Packet Transport Layer
======================

The packet transport layer is represented via |ssh_ptl| and is structured
around the following key concepts:

Packets
-------

Packets are the fundamental transmission unit of the SSH protocol. They are
managed by the packet transport layer, which is essentially the lowest layer
of the driver and is built upon by other components of the SSAM core.
Packets to be transmitted by the SSAM core are represented via |ssh_packet|
(in contrast, packets received by the core do not have any specific
structure and are managed entirely via the raw |ssh_frame|).

This structure contains the required fields to manage the packet inside the
transport layer, as well as a reference to the buffer containing the data to
be transmitted (i.e. the message wrapped in |ssh_frame|). Most notably, it
contains an internal reference count, which is used for managing its
lifetime (accessible via |ssh_packet_get| and |ssh_packet_put|). When this
counter reaches zero, the ``release()`` callback provided to the packet via
its |ssh_packet_ops| reference is executed, which may then deallocate the
packet or its enclosing structure (e.g. |ssh_request|).

In addition to the ``release`` callback, the |ssh_packet_ops| reference also
provides a ``complete()`` callback, which is run once the packet has been
completed and provides the status of this completion, i.e. zero on success
or a negative errno value in case of an error. Once the packet has been
submitted to the packet transport layer, the ``complete()`` callback is
always guaranteed to be executed before the ``release()`` callback, i.e. the
packet will always be completed, either successfully, with an error, or due
to cancellation, before it will be released.
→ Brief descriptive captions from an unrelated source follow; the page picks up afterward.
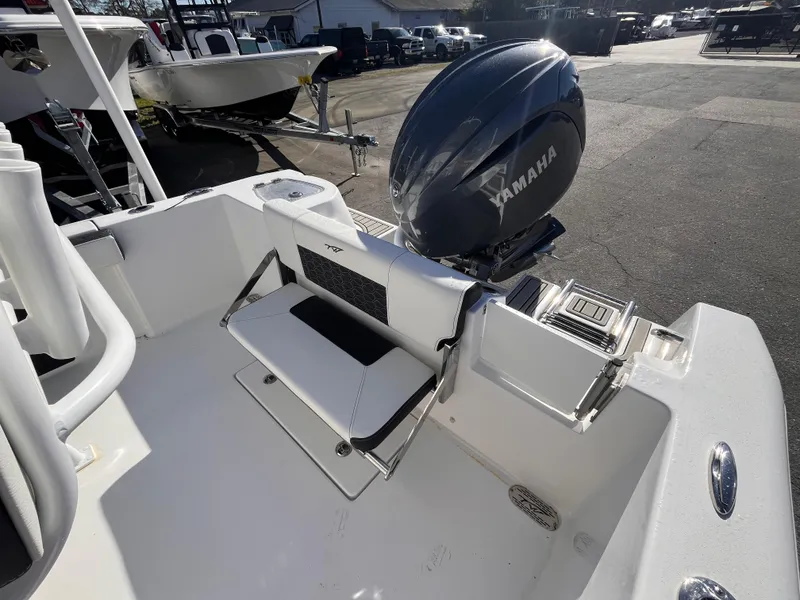 Slide: The Image of 2025 Tidewater 210 CC Adventure boat with Yamaha engine, featuring a foldable seat. - 6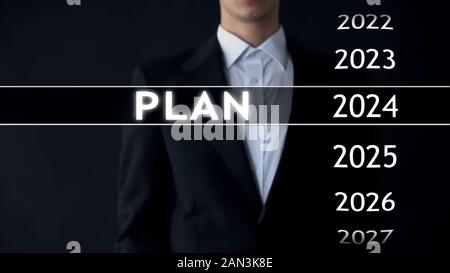 Plan for 2024, businessman chooses file on virtual screen, startup strategy Stock Photo
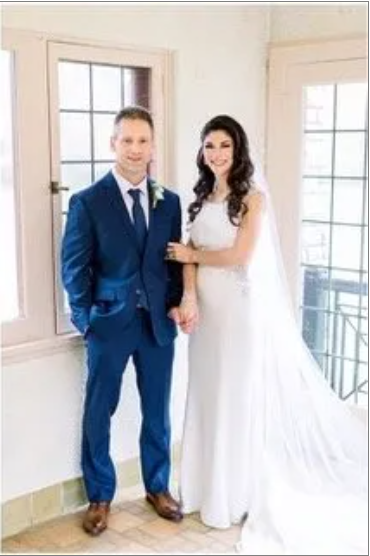 A bride and groom are posing for a picture in front of a window.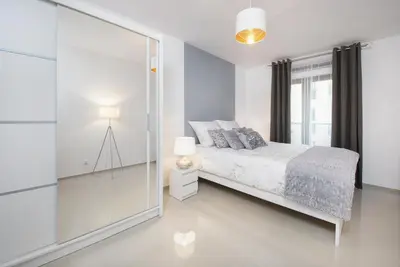 Łóżko lub łóżka w pokoju w obiekcie Icon Apartments Centrum 55m2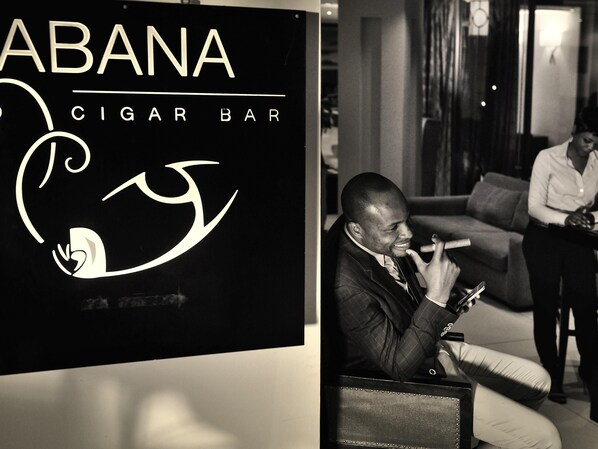 Skilt for 'ABANA CIGAR BAR' med en stiliseret logo.
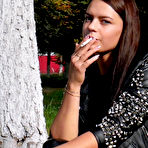 First pic of Russian Smokers | Pretty faced Asya is smoking a cigarette outdoors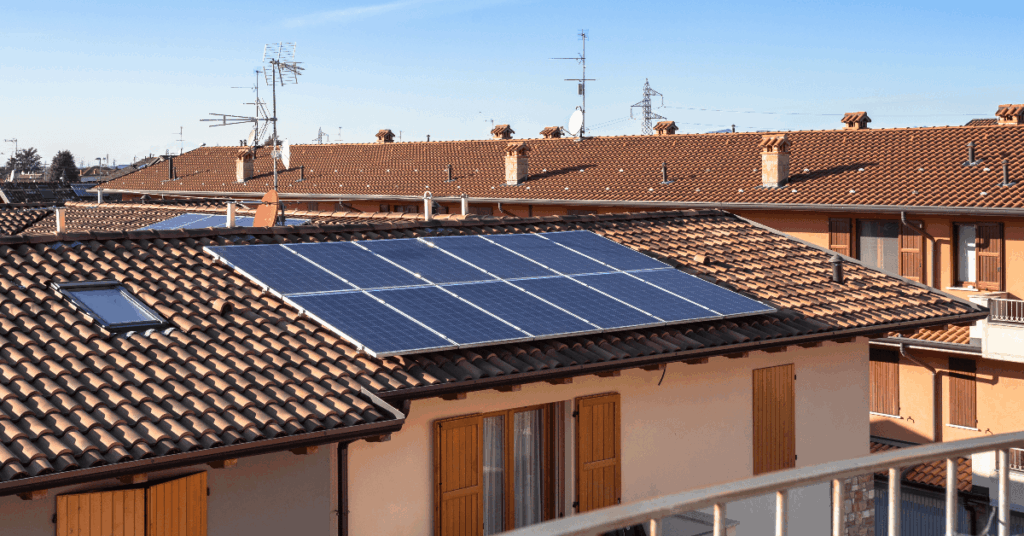 Residential rooftop with a large solar panel array on terracotta tiles under a clear blue sky.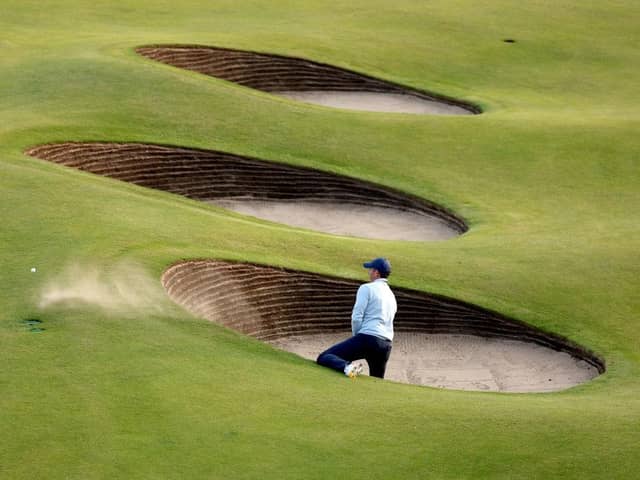Rory McIlroy needed two attempts to escape from a greenside bunker at the 18th in his opening round in the 151st Open at Royal Liverpool. Picture: Warren Little/Getty Images.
The state of a packet is managed via its ``state`` flags
(|ssh_packet_flags|), which also contains the packet type. In particular,
the following bits are noteworthy:

* ``SSH_PACKET_SF_LOCKED_BIT``: This bit is set when completion, either
  through error or success, is imminent. It indicates that no further
  references of the packet should be taken and any existing references
  should be dropped as soon as possible. The process setting this bit is
  responsible for removing any references to this packet from the packet
  queue and pending set.

* ``SSH_PACKET_SF_COMPLETED_BIT``: This bit is set by the process running the
  ``complete()`` callback and is used to ensure that this callback only runs
  once.

* ``SSH_PACKET_SF_QUEUED_BIT``: This bit is set when the packet is queued on
  the packet queue and cleared when it is dequeued.

* ``SSH_PACKET_SF_PENDING_BIT``: This bit is set when the packet is added to
  the pending set and cleared when it is removed from it.

Packet Queue
------------

The packet queue is the first of the two fundamental collections in the
packet transport layer. It is a priority queue, with priority of the
respective packets based on the packet type (major) and number of tries
(minor). See |SSH_PACKET_PRIORITY| for more details on the priority value.

All packets to be transmitted by the transport layer must be submitted to
this queue via |ssh_ptl_submit|. Note that this includes control packets
sent by the transport layer itself. Internally, data packets can be
re-submitted to this queue due to timeouts or NAK packets sent by the EC.

Pending Set
-----------

The pending set is the second of the two fundamental collections in the
packet transport layer. It stores references to packets that have already
been transmitted, but wait for acknowledgment (e.g. the corresponding ACK
packet) by the EC.

Note that a packet may both be pending and queued if it has been
re-submitted due to a packet acknowledgment timeout or NAK. On such a
re-submission, packets are not removed from the pending set.

Transmitter Thread
------------------

The transmitter thread is responsible for most of the actual work regarding
packet transmission. In each iteration, it (waits for and) checks if the
next packet on the queue (if any) can be transmitted and, if so, removes it
from the queue and increments its counter for the number of transmission
attempts, i.e. tries. If the packet is sequenced, i.e. requires an ACK by
the EC, the packet is added to the pending set. Next, the packet's data is
submitted to the serdev subsystem. In case of an error or timeout during
this submission, the packet is completed by the transmitter thread with the
status value of the callback set accordingly. In case the packet is
unsequenced, i.e. does not require an ACK by the EC, the packet is completed
with success on the transmitter thread.

Transmission of sequenced packets is limited by the number of concurrently
pending packets, i.e. a limit on how many packets may be waiting for an ACK
from the EC in parallel. This limit is currently set to one (see
Documentation/driver-api/surface_aggregator/ssh.rst for the reasoning behind
this). Control packets (i.e. ACK and NAK) can always be transmitted.

Receiver Thread
---------------

Any data received from the EC is put into a FIFO buffer for further
processing. This processing happens on the receiver thread. The receiver
thread parses and validates the received message into its |ssh_frame| and
corresponding payload. It prepares and submits the necessary ACK (and on
validation error or invalid data NAK) packets for the received messages.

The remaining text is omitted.